Fresno State senior Michael Oldham, whose play will debut at 4 p.m. today in Lab School 101, is a writer – and his mother has already registered her complaints.


“She wanted me to be an engineer,” Oldham said with a laugh. “When I told her I wanted to be a theatre major, it was like I broke her heart.”


She supports him when he acts in plays and says he needs to remember her when he has his big break, but Oldham said she is still concerned about his career choice.


He has no plans to change professions.


“I know it’s going to be a struggle, but anything that’s worth getting, you have to fight for,” Oldham said.


His bid to establish himself as a writer will gain momentum this week. Fresno State’s Experimental Theatre company plans to perform two staged readings, one today and one Saturday at 1 p.m., of his first play, “Waiting Room.”


The company has never before performed a student’s work, said Dr. Melissa Gibson, a theatre history professor who advises the group. The Experimental Theatre Company usually limits itself to one full-scale production – this semester it’s Macbeth – but made an exception for “Waiting Room.”


“We really liked it,” Gibson said. “We felt they both deserved to be produced.”


The staged reading will be a skeleton version of the play, but it will give a voice to Oldham’s work.


“It gives him the opportunity to hear actors saying words that have previously existed only on the page,” Gibson said.
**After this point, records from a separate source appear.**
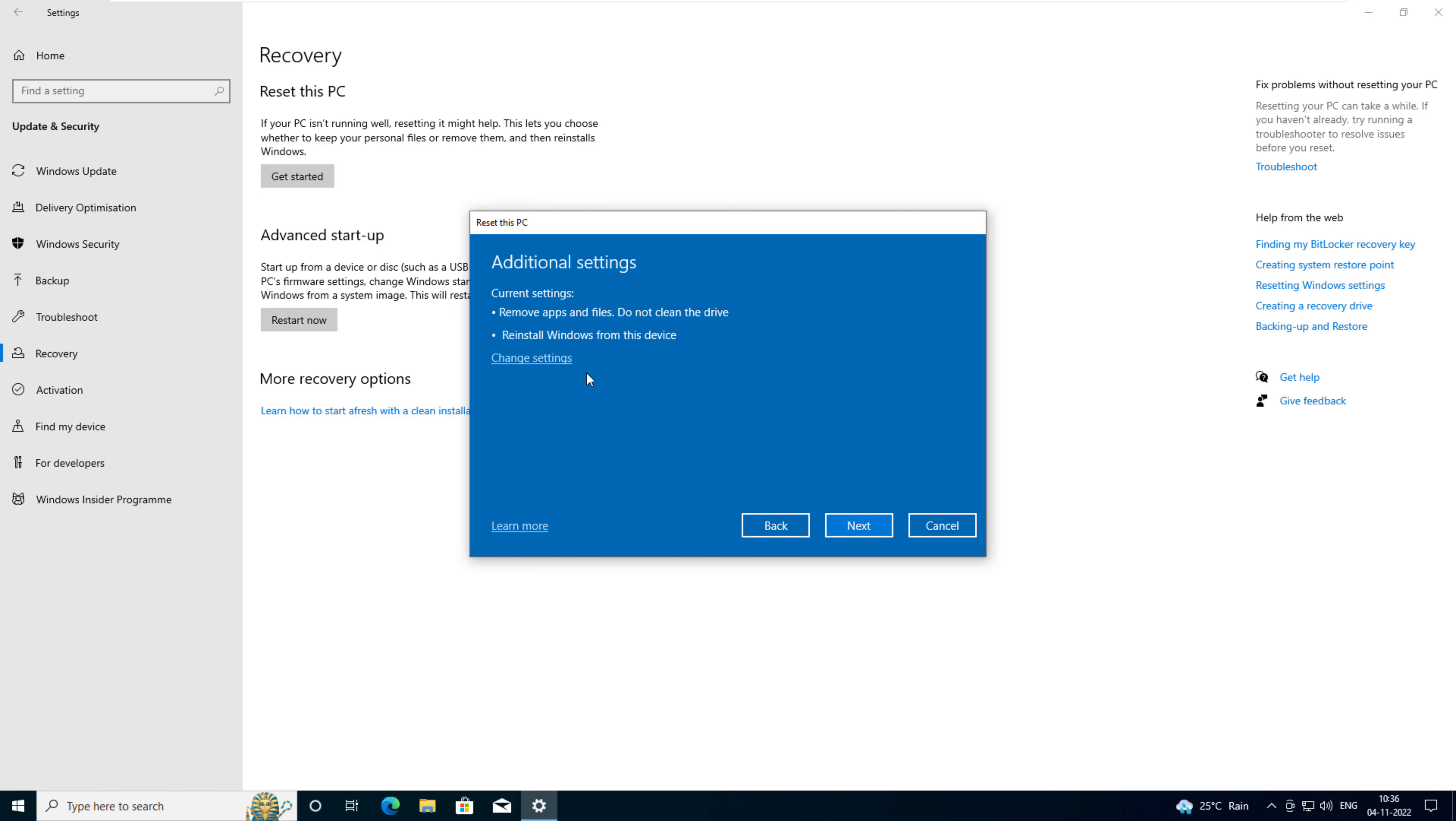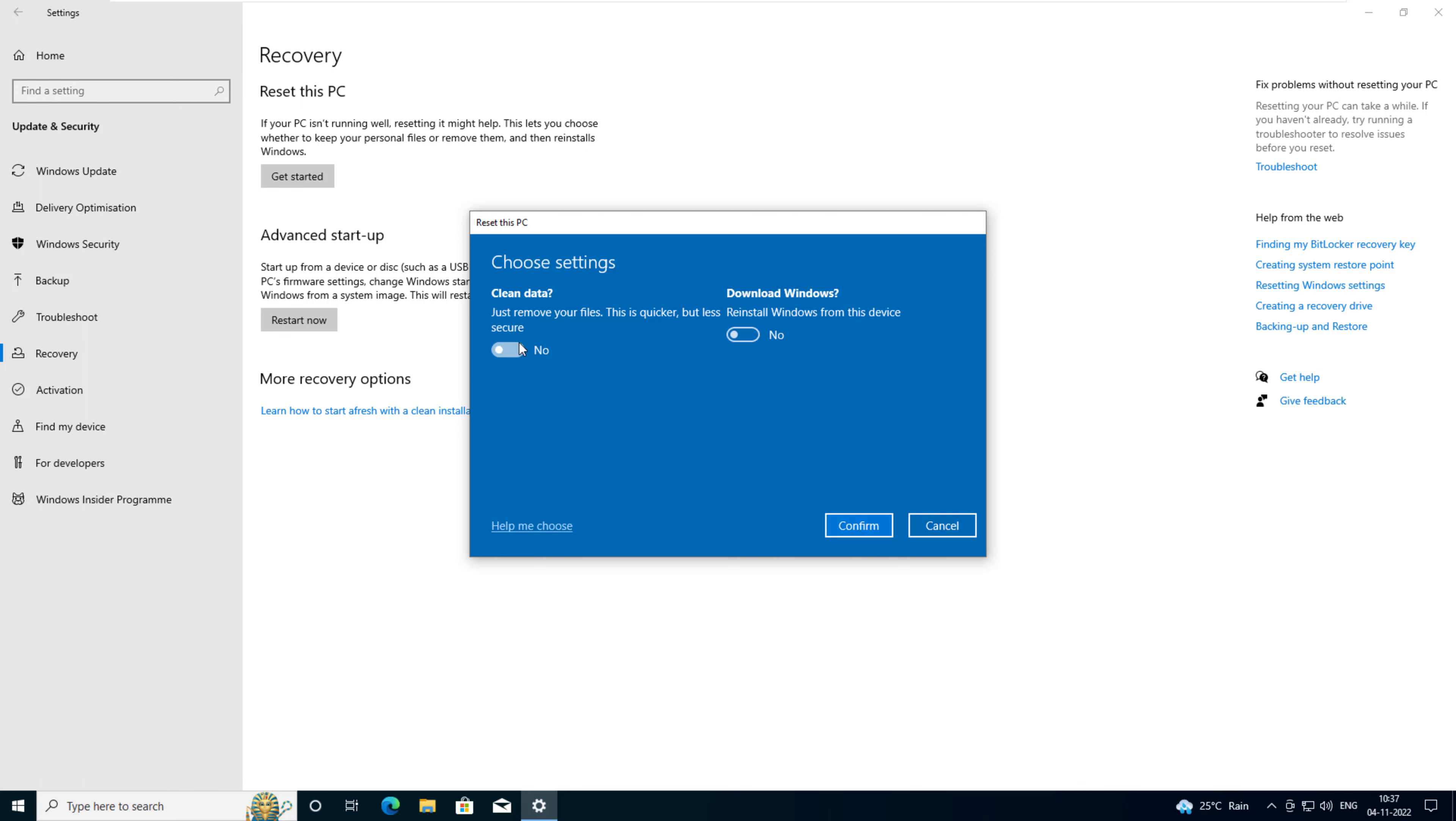Review the settings you have chosen and if you want to reformat your hard drive and erase all your data, make sure the toggle switch below clean data is turned on. If you want to download Windows from the internet, make sure the toggle switch below download windows is turned on. Review the settings and click confirm.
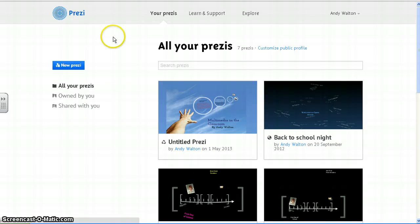When creating a timeline in Prezi, you have a couple different options of how you can create that. I'm going to show you two different options here real quick.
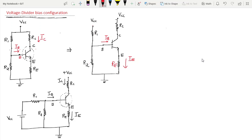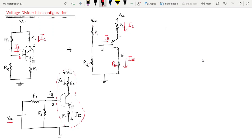The current flowing from the collector point is IC, the current entering from the base is IB, and the current leaving from the emitter is IE. We can modify the circuit further because VCC is a separate branch — we can take it as a separate branch. The supply VCC will be given to R1 and R2.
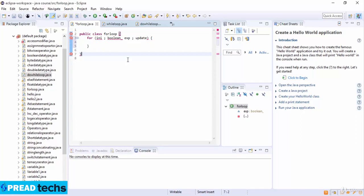The boolean expression is now evaluated again. If it is true, the loop executes and the process repeats — body of the loop, then the update step, then the boolean expression. After the boolean expression is false, the for loop is terminated.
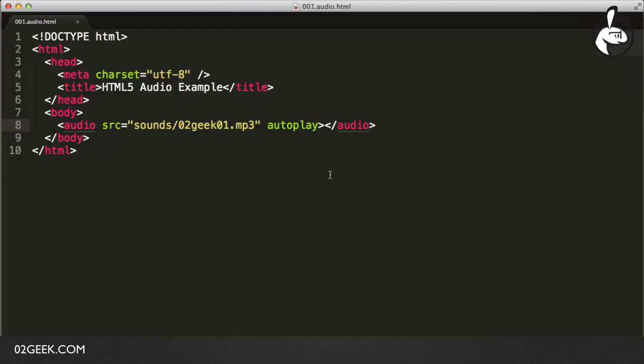The next thing that we want to do is see how can we add controls into our audio component. By the way, everything we've seen so far is very similar to the way it would work with a video component. The way we add controls is just by adding the word controls. By adding the word controls inside of the audio tab, now we could go into our browser again, click on Refresh, and now we will have a playback controller which you could then start, play, pause.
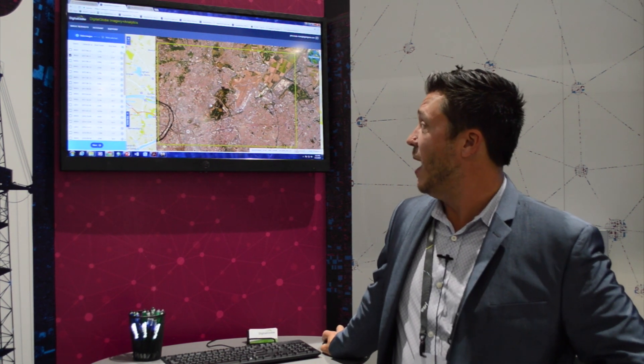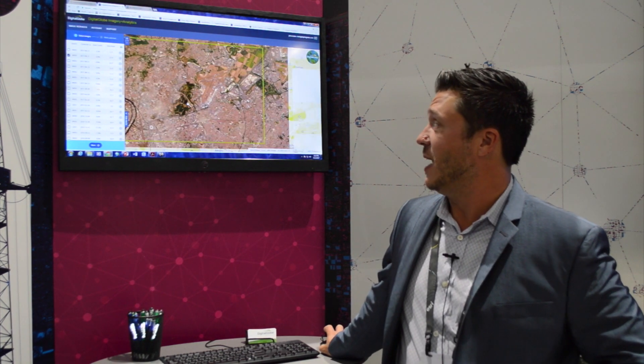One of the really cool aspects of the capability is the ability to search and discover any content from our entire archive and directly preview and browse the imagery directly inside a web browser.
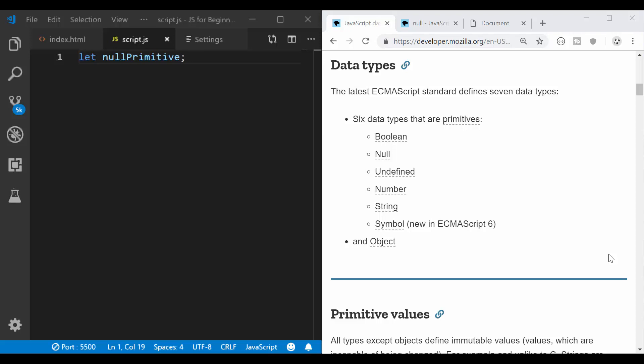Hi guys, in the last video we stopped at the data types and primitives and I have this window open in the Mozilla developer network and I said we're going to dive a bit deeper in each of them.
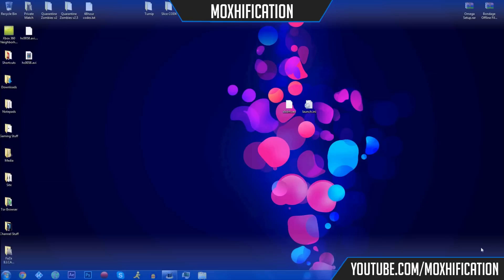What's going on guys, moxification here. Today I'm going to show you how to set up Xbox 360 Neighborhood, also known as XDK — I'm going to call it XDK. I've already done a video on this but I want to go more in depth and make it a bit more clear than the initial one. To start off, you're going to need to download two things: there'll be one download for a WinRAR file and one for the actual setup for Xbox 360 Neighborhood.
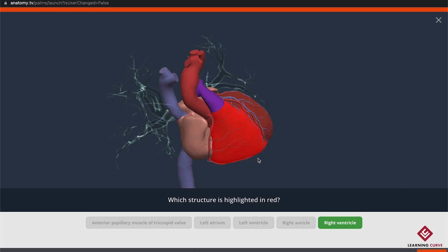What do we mean by master? Let's say the right ventricle for example. You need to get it correct and in a short period of time — showing confidence — and you need to do that three different times, from three different angles, with three different cases of relational anatomy. The quiz constantly changes and moves the model so you're thinking critically. Once you get it right those three times, it recognizes you've mastered that structure and removes it from your question bank, focusing instead on structures you haven't yet mastered.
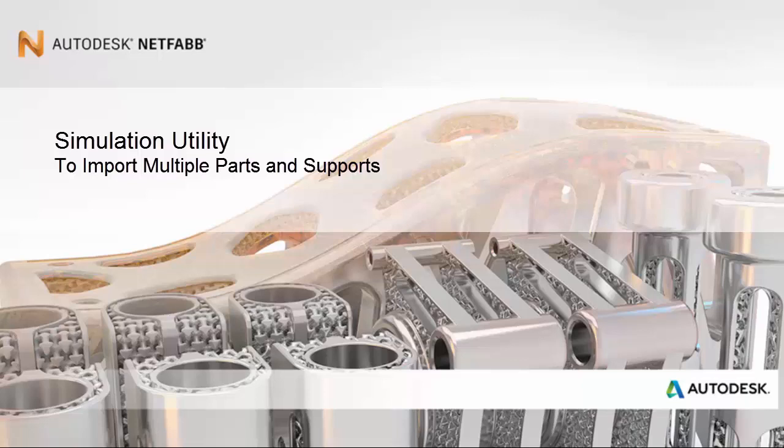Hello, and welcome to this tutorial about importing multiple geometries and supports onto a build plate.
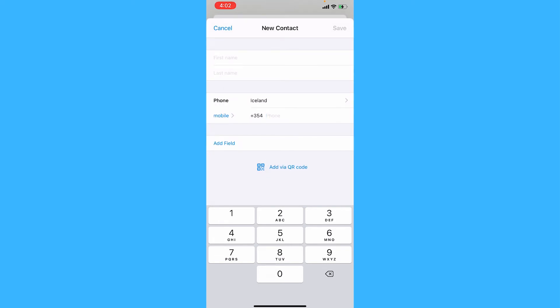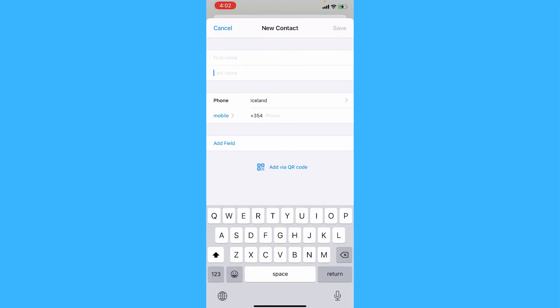Now just add their phone number minus the country code because we already have that, and then enter their names and just simply tap save once you're done.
“Waiting Room” is about two brothers who must decide whether or not to visit the now-hospitalized father that abandoned the pair 16 years earlier. Although not everyone has shared that particular experience, the play conveys universal emotions, said Jacque Babb, Oldham’s girlfriend and a “Waiting Room” actress.


“It’s something almost any human being on earth can relate to,” Babb said. “It brings up a lot of questions about what is family.”


Babb said she fell in love with the play as soon as she read it and enjoyed working with Oldham, who was directing for the first time.


“It’s always great to deal with a director who isn’t stifling, who doesn’t tell you to stand here at this moment, who lets you explore the character on your own,” Babb said.


Gibson said it is not easy for student directors to negotiate their responsibilities.


“You have to be an authority, but they’re your peers,” Gibson said. “As a director you need to have a lot of people skills, and I think Mike has them.”


Babb said Oldham’s management style is a reflection of his easygoing personality. He draws, watches movies and is unabashedly obsessed with comic books.


But friends and professors say Oldham is also driven, intelligent and focused – qualities that will help him as he pursues a career in show business. Their support is a welcome vote of confidence for Oldham, who wants writing to become more than a hobby.


“Any writer that says they’re doing it for the craft is lying horribly,” he said. “We’re doing it so we can live off it.”


Right now the Clovis native works four part-time jobs, but he dreams of writing for the big screen in a city like San Francisco or Chicago.


“The great goal would be to make one of those movies that bring in all the money, that the masses will love, but will also tell a bigger story.”